De esta realidad, el señor Kaplan extrae esta conclusión pesimista: el futuro de la democracia es sombrío, porque en el siguiente milenio las grandes corporaciones actuarán en Estados Unidos y Europa Occidental con la impunidad con que actuaban digamos, en la Nigeria del difunto coronel Abacha.
En verdad , no hay ninguna razón histórica ni conceptual para semejante extrapolación.
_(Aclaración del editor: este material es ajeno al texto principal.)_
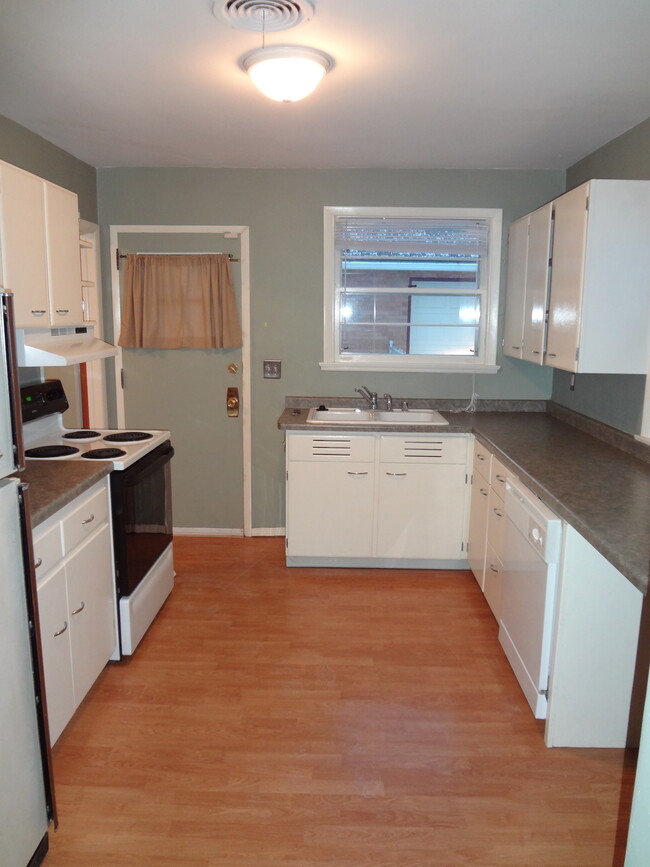 Kitchen - 1026 Midland St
La conclusión que se impone, más bien, es la siguiente: la imperativa necesidad de que Nigeria y los países hoy sometidos a dictaduras evolucionen cuanto antes hacia la democracia y pasen también a tener una legalidad y una libertad que obligue a las corporaciones que en ellos operan a actuar dentro de las reglas de juego de equidad y limpieza con que están obligadas a hacerlo en las democracias avanzadas. La globalización económica podría convertirse, en efecto, en un serio peligro para el porvenir de la civilización —y sobre todo, para la ecología planetaria— si no tuviera como su correlato la globalización de la legalidad y la libertad. Las grandes potencias tienen la obligacion de promover los procesos democráticos en el tercer mundo por razones de principio y moral; pero, también, porque , debido a la evaporación de las fronteras, la mejor garantía de que la vida económica discurra dentro de los límites de libertad y competencia que benefician a los ciudadanos, es que ella tenga, en todo el ancho mundo, los mismos incentivos, derechos y frenos que la sociedad democrática le impone.
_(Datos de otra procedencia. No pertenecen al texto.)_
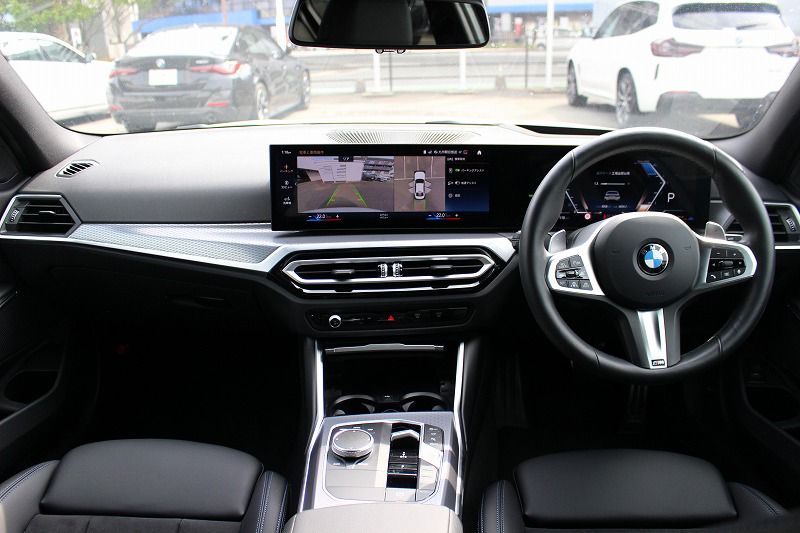 320d xDrive Berline RHD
Nada de esto es fácil ni será logrado en poco tiempo. Pero, para los liberales, es un gran aliciente saber que se trata de una meta posible y que la idea de un mundo unido en torno a la cultura de la libertad no es una utopía, sino una hermosa realidad alcanzable que justifica nuestro empeño. Lo dijo Karl Popper, uno de nuestros mejores maestros:
"El optimismo es un deber. El futuro está abierto. No está predeterminado. Nadie puede predecirlo, salvo por casualidad. Todos nosotros contribuimos a determinarlo por medio de lo que hacemos. Todos somos igualmente responsables de aquello que sucederá".
* "Was Democracy Just a Moment?" The Atlantic Monthly. Diciembre de 1997, págs. 55-80.